The foreman was right about that, Frank thought. If the barn started burning, it would be hell indeed.
And he and Linderman would be caught right on top of the inferno.
Chapter 16
Frank leaped to his feet and jammed his gun back in its holster. “We’ve got to put those fires out!” he yelled as he ran awkwardly across the roof toward the spot where the first torch had landed.
He kicked the torch and sent it flying off the barn, then began stomping at the flames that had already started trying to take hold of the wooden shingles.

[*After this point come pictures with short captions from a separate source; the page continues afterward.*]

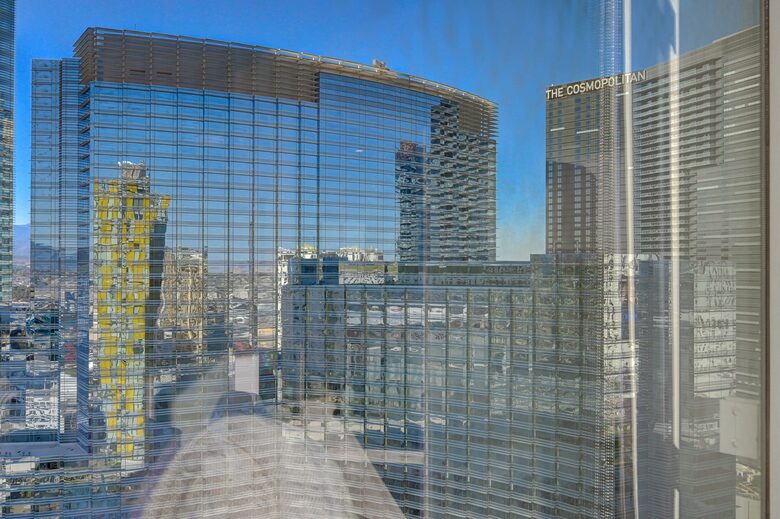 Las Vegas Strip Living - Las Vegas, Nevada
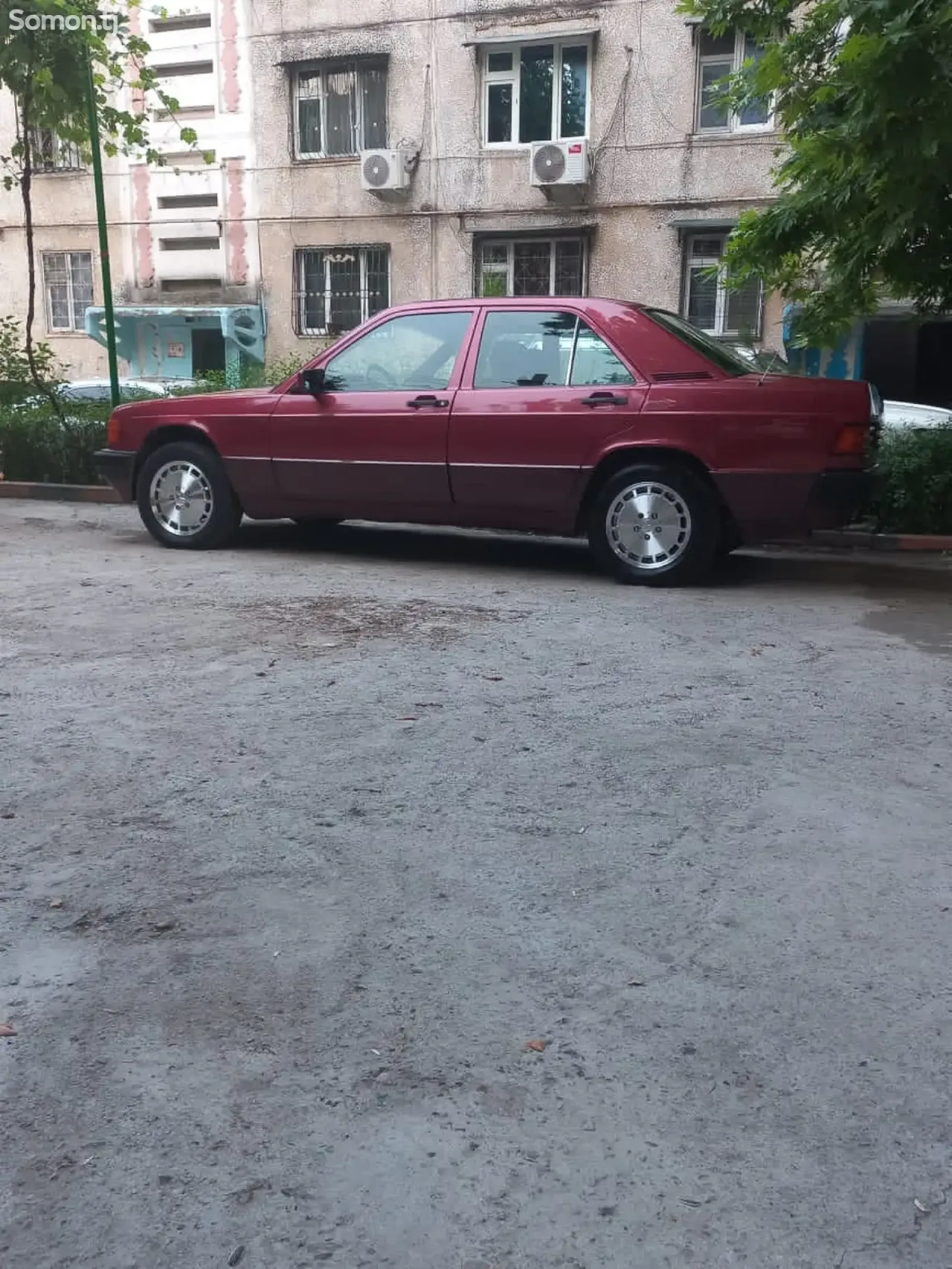 Mercedes-Benz W201 1992 · 1.8 MT
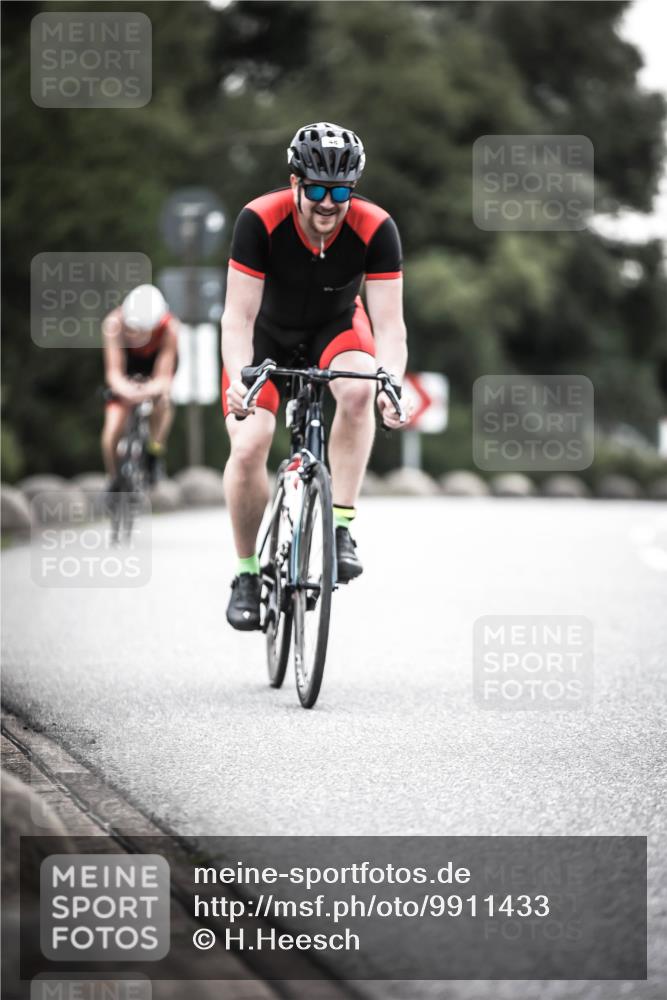 21.06.2026 - 29. Vierlanden-Triathlon H.Heesch http://msf.ph/oto/9911433 21.06.2026 09:41:43 Radfahren 15, 41, 48, 89, 146, 1353 meine-sportfotos.de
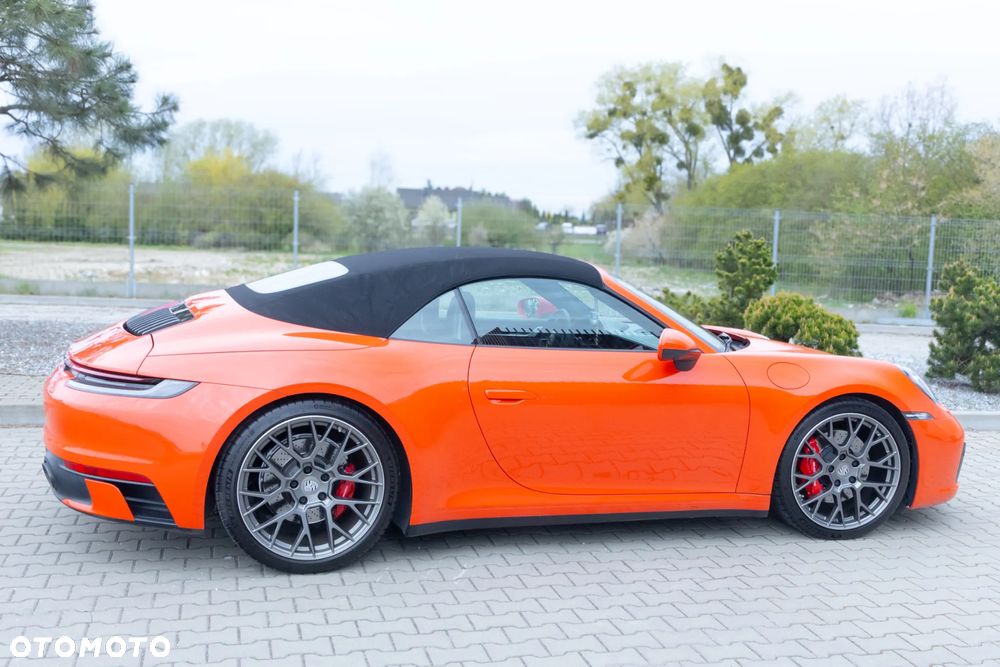 Porsche 911 Carrera 4S - 14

Linderman followed suit, scrambling desperately across the roof toward another torch. Frank knew that by doing this they were calling attention to themselves, but they had no choice. If the barn burned, they were doomed anyway, along with everybody inside it.
As soon as the fire started by the first torch was out, Frank hurried over to another one, bent down and grabbed it, and flung it off the roof. As he did so, a shot from down below whistled past his head.
With the muzzle flash still imprinted on his eyes, he palmed out his Colt and snapped off a shot. The rifle cracked again, but this time the flame from its barrel jetted straight up, telling Frank that the attacker had pulled the trigger as he was going over backward.
That was one of the bastards down anyway, Frank thought with grim satisfaction.